I actually tried to work with small CNC and casting companies before, but they frowned on the weaponry aspect of the projects and also the numbers have been way too low for them. But now we have an excellent provider who WANTS our business!

When I first mentioned Hogancastings in my videos, I said that they "continue to excite the slingshot community". That statement remains standing.

Jörg


----------



## ZDP-189 (Mar 14, 2010)

I'd agree that CNC and waterjet cutting is problematic. CNC companies round here can digitise designs and make 'prototypes' but who wants to spend several hundred dollars in set up fees?

Waterjet is a bit cheaper, because you can just send an Adobe Illustrator vector file, but it's still prohibitively expensive and all you get is a hard edged steel board cut.

Rapid prototyping is another option. You can get fantastic detail and structures impossible by any other method, but again you need to pay for digitising and the unit price is high.

I've also looked into acrylic signmakers, who cut by hand from a drawing, but they charge $30 for a simple board cut and don't round over. You may as well do it yourself.

My final idea is production manufacturing in China. Unless you speak Chinese, live in China and have distribution channels that can move tens of thousands of product (injection moulding) or thousands of metal castings, that's just fantasy.

So as Jörg said, Hogancastings is th only practical option for the craftsman and a fine option at that.

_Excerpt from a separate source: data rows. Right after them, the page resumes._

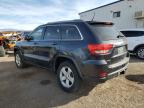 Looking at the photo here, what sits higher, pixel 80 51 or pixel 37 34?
pixel 37 34

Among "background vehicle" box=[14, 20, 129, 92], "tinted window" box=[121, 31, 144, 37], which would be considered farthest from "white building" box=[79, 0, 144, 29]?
"background vehicle" box=[14, 20, 129, 92]

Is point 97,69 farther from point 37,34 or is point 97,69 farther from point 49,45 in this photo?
point 37,34

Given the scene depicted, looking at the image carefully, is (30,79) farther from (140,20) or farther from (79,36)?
(140,20)

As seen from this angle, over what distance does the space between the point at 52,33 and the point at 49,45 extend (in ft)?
A: 1.30

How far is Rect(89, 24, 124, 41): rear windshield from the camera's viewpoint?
3498 millimetres

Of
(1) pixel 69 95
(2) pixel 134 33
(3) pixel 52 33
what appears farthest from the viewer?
(2) pixel 134 33

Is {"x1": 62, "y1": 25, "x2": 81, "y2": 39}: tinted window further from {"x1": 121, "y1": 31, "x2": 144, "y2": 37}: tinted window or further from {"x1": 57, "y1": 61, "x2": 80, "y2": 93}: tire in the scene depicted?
{"x1": 121, "y1": 31, "x2": 144, "y2": 37}: tinted window

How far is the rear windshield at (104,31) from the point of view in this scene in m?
3.50

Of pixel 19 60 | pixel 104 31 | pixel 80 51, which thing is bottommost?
pixel 19 60

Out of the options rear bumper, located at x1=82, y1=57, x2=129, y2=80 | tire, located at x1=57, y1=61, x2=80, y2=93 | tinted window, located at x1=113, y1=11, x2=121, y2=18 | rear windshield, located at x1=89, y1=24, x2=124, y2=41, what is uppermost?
tinted window, located at x1=113, y1=11, x2=121, y2=18

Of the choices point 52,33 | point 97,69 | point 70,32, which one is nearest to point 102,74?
point 97,69

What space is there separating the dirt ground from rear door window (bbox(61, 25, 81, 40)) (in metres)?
1.13

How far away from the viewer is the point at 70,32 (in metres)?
3.95

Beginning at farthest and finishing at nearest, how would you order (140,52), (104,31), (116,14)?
1. (116,14)
2. (140,52)
3. (104,31) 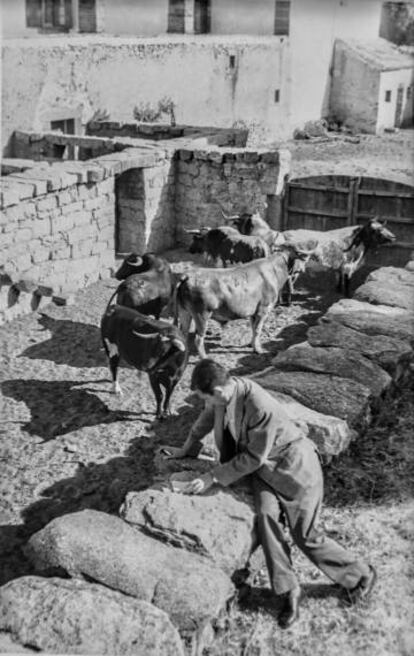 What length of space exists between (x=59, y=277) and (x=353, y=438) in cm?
650

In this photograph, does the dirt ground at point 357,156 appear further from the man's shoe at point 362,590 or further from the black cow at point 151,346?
the man's shoe at point 362,590

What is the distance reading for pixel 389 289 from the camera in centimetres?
1089

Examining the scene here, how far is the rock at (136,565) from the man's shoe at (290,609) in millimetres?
371

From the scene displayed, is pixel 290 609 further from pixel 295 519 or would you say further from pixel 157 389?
pixel 157 389

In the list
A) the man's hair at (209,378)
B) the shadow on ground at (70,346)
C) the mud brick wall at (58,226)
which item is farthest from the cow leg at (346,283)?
the man's hair at (209,378)

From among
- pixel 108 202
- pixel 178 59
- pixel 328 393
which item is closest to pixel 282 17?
pixel 178 59

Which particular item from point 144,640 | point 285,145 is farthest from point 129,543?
point 285,145

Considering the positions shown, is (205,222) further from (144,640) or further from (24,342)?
(144,640)

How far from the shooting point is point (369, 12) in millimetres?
34938

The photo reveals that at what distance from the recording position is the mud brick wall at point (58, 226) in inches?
455

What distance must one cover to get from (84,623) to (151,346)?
3.77 meters

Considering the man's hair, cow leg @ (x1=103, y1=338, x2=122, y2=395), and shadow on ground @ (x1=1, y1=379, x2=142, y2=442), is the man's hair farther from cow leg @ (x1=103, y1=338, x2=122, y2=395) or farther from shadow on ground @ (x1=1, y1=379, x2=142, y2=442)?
cow leg @ (x1=103, y1=338, x2=122, y2=395)

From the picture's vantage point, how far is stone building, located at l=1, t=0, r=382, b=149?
734 inches

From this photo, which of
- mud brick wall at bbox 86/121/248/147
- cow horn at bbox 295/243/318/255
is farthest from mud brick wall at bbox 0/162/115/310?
mud brick wall at bbox 86/121/248/147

Hogancastings can make a casting based on a whole slingshot and perhaps even a drawing, but the best way is to send them a proper production master. To do that, work in two sides (for the two sides of the mould the cope and drag) and the base each side should be perfectly flat. I work from slabs of wood or plastic. This is a good practice as it ensures a planar parting line so you don't get a situation that may require a complex mould for no good reason. I finish to a smooth finish. It's not really necessary as the sand leaves its own texture which is sanded and buffed out, but it shows the clean lines. Leave at least a 2-3 degree bevel on the edges so they can get the master out of the sand and round over sharp edges. Don't make deep troughs that are hard to finish and may chip out the sand. Avoid small inside radii or areas that are hard to reach with a die grinder, belt sander or polishing map. These areas won't be finished as well. Certainly there should be no overhangs. If you get it all right, Pete is more likely to accept your design and it'll come out perfectly!

For those who have exciting and original designs but lack the facilities to make the master, Pete may be able to tempt me with some castings and have me work from your drawings to make a master for your project.


----------



## whipcrackdeadbunny (May 22, 2010)

The work speaks for itself, I wonder if the original Milbro team would've guessed?


----------



## Tex-Shooter (Dec 17, 2009)

I have worked with Pete Hogan and he is top notch. I have also worked with Charles Saunders and he also is top notch. We also have some top notch custom makers to work with. -- Tex-Shooter


----------



## Pro-Shot (UK) Catapults (Apr 21, 2010)

Well what can we say you gyes are the best its nice to know what we have to offer is appreciated by you all.We will continue to work hard in making 
milbro pro shot uk a name people are proud to be a part of It would be grate to think we can become the DANGKUNG of the EU? 
WE HAVE A DREAM and with a bit of hard work it will come true?


----------